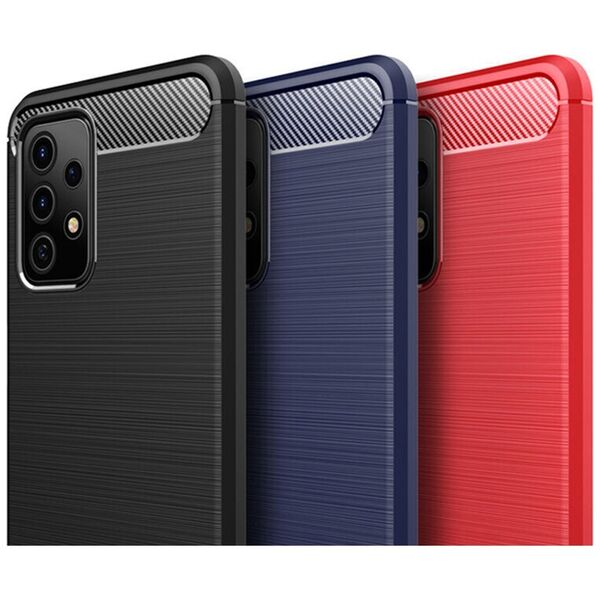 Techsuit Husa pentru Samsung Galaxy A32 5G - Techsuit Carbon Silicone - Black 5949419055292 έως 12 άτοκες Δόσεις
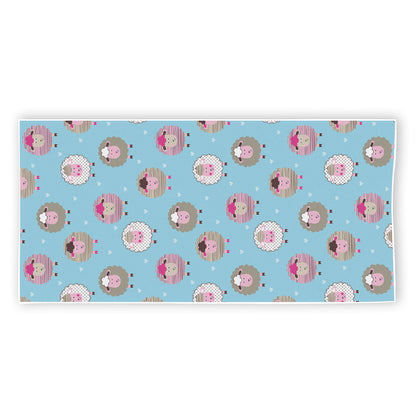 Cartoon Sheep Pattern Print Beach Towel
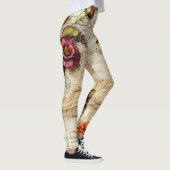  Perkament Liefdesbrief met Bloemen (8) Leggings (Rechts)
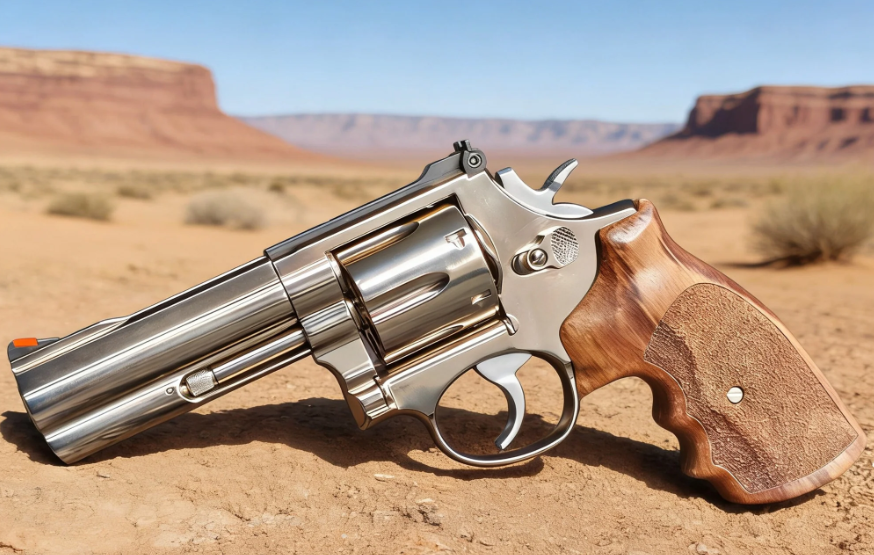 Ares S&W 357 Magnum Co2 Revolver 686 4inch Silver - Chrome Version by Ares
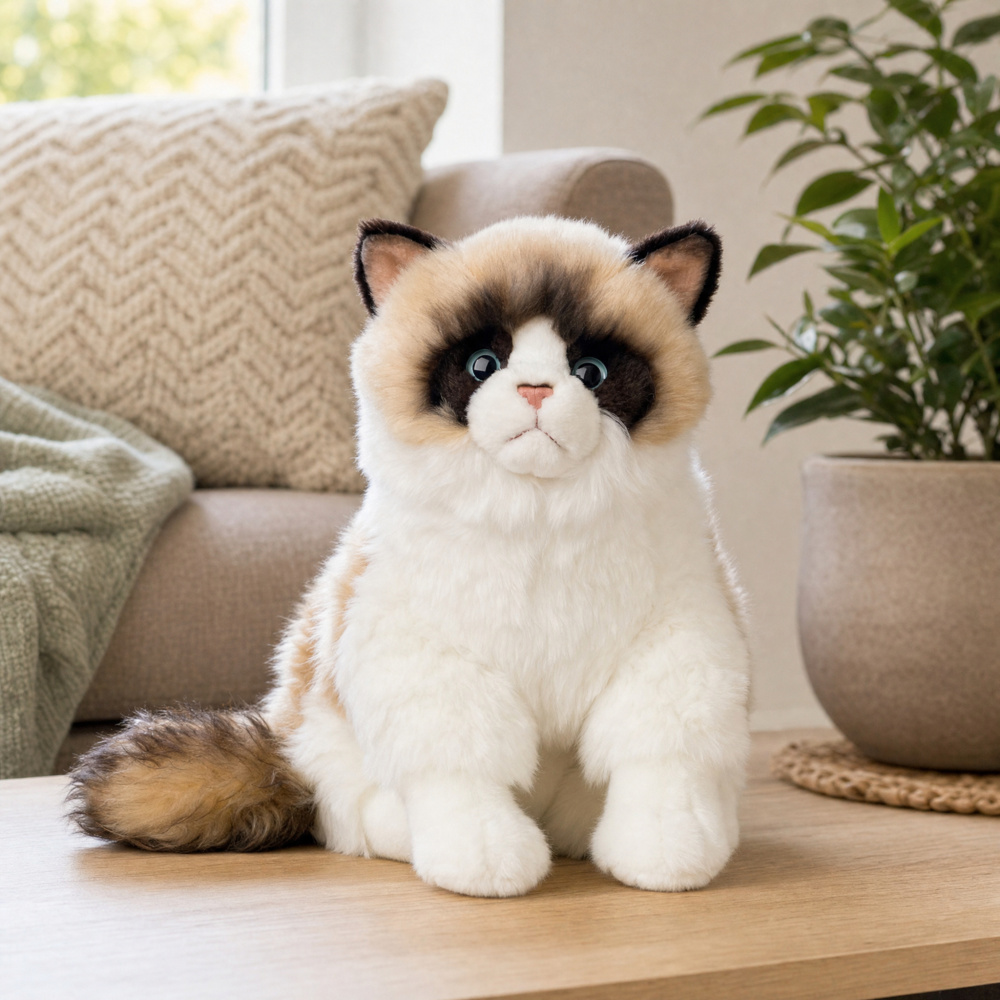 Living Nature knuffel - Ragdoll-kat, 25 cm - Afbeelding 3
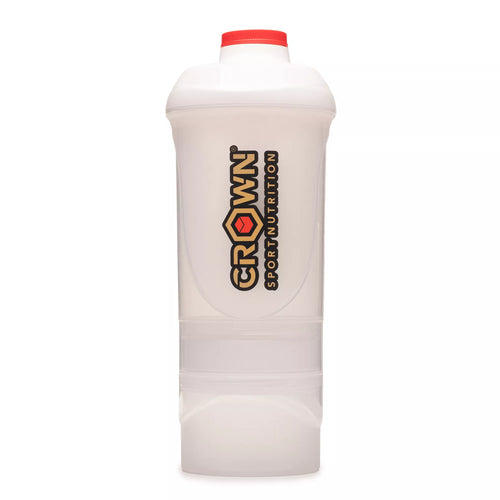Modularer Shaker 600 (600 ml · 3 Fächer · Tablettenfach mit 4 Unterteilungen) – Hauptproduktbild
┄┄┄┄┄┄┄┄┄┄┄┄┄┄┄┄┄┄┄┄
What the task asks >> Pictures are to be left out when the lines from the one containing "Perkament Liefdesbrief met" through the end of the records above are repeated exactly; no other line is wanted.

Exercise result >>
  Perkament Liefdesbrief met Bloemen (8) Leggings (Rechts)
 Ares S&W 357 Magnum Co2 Revolver 686 4inch Silver - Chrome Version by Ares
 Living Nature knuffel - Ragdoll-kat, 25 cm - Afbeelding 3
Modularer Shaker 600 (600 ml · 3 Fächer · Tablettenfach mit 4 Unterteilungen) – Hauptproduktbild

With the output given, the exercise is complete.